Much mischief would vanish from educational discourse if the terms objective and subjective vanished first. Since that happy consummation is unlikely to take place, we must be careful how we use them. Currently, usage seems to coalesce along a continuum, on which the “subjective” side is the side of judgment, opinion, emotion, evaluation, flightiness, and interiority, while “objective” refers to measurement, fact, rationality, disinterestedness, groundedness, and consensus.
A moment’s thought will show us that this continuum is not very clear or very helpful. For example, many of us profess the value of statistical significance in scientific studies. Fine, but the .5 level of statistical significance as a gold standard for data is an entirely arbitrary construct—a subjective construct, if you will. I don’t mean to downgrade the validity of the concept of statistical significance, but to suggest that the usual subjective/objective=bad/good opposition is not a very helpful way of analyzing its value. The same goes for “value”-“added” “metrics,” whose sometimes huge “margin of error” is simply ignored by the people using the statistics as a way of evaluating teachers. One case highlighted a teacher whose “metrics,” when taken with the needed caution about margin of error, showed that she might be the worst teacher in New York—or better than half of them. Partisans of the idea that numbers confer precision were not even discomfited by such results: they simply ignored margin of error in using VAMs. Sounds rather arbitrary and flighty to me.
When The New York Times reports that “subjective” evaluations of teachers don’t work in Texas, one must turn over the story a bit to see that the real problem is not “subjectivity.” That is a red herring. The real problem is twofold. Evaluators who are trapped in their offices by balls & chains of paperwork, or who stay there by choice in regal disdain of teachers, are unwilling or unable to get out to the classrooms very often.
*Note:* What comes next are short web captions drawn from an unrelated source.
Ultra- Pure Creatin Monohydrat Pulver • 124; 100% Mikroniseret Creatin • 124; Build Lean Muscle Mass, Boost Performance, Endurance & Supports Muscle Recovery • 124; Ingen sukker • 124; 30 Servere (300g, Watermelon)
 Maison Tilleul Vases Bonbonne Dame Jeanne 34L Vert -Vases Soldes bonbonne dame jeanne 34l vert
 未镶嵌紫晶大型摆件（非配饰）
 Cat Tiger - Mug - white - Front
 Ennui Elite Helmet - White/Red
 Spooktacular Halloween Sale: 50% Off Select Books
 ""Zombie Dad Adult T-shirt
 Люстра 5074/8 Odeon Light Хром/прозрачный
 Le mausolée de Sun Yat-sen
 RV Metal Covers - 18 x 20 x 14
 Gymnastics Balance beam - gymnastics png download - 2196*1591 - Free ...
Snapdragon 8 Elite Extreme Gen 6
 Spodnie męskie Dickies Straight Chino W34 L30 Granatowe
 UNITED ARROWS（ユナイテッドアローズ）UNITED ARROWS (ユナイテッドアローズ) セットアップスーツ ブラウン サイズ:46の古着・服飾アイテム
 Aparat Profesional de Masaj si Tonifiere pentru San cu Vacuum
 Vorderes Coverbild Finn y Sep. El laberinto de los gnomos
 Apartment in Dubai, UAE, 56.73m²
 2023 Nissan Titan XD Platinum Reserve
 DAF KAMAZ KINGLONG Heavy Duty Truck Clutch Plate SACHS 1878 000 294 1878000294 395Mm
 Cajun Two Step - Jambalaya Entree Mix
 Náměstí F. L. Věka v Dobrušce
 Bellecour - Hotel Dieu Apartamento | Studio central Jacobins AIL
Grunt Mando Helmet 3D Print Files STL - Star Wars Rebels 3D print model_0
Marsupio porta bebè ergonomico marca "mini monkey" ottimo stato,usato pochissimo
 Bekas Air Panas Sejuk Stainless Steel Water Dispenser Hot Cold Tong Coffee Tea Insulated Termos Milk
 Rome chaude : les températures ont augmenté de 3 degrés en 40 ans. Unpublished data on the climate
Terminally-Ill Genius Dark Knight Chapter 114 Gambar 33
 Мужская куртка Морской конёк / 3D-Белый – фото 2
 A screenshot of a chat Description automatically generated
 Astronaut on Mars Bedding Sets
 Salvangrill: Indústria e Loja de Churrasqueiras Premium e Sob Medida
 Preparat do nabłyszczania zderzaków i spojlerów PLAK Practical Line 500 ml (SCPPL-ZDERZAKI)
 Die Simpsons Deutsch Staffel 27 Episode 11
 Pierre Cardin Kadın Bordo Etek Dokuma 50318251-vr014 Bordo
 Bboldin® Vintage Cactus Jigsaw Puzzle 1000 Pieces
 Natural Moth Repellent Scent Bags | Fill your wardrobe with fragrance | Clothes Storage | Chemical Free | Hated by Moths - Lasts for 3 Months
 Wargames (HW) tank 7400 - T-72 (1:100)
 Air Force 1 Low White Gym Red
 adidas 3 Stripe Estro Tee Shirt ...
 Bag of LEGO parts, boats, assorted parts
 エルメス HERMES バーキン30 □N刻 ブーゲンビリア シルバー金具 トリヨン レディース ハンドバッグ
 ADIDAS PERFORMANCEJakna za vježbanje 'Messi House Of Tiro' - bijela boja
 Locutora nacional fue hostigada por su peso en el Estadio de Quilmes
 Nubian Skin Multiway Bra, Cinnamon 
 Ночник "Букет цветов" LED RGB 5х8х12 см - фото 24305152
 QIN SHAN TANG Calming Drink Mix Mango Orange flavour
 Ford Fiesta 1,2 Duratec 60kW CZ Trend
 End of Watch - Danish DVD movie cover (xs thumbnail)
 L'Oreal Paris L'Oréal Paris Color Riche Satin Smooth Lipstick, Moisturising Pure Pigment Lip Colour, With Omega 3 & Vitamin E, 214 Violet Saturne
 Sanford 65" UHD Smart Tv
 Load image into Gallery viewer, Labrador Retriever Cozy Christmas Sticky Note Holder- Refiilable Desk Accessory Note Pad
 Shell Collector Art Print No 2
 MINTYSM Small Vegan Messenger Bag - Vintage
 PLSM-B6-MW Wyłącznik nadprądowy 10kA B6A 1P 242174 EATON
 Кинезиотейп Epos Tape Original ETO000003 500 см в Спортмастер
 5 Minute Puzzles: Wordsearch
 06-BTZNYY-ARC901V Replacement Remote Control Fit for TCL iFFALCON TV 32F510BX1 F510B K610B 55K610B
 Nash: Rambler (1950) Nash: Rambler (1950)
One solution would be peer evaluation. Another would be to cut the burden of administrative paperwork.Implementing such solutions has nothing to do with replacing “subjectivity” by “objectivity;” rather, it requires replacing an inadequate and arbitrary system of judgment by an adequate one well grounded in good sense. The solution would also require people who see a spade to call it a spade. Gwendolyn Fairfax’s superb dodge won’t do.
The honest art of judgment lacks the magical appeal of numbers and formulae, but it allows—requires—the people using it to look each other in the eye and themselves in the mirror. That is not a question of objectivity vs. subjectivity; it is a question of intellectual and moral courage.
 In The Importance of Being Earnest: GWENDOLYN (satirically). I am glad to say that I have never seen a spade.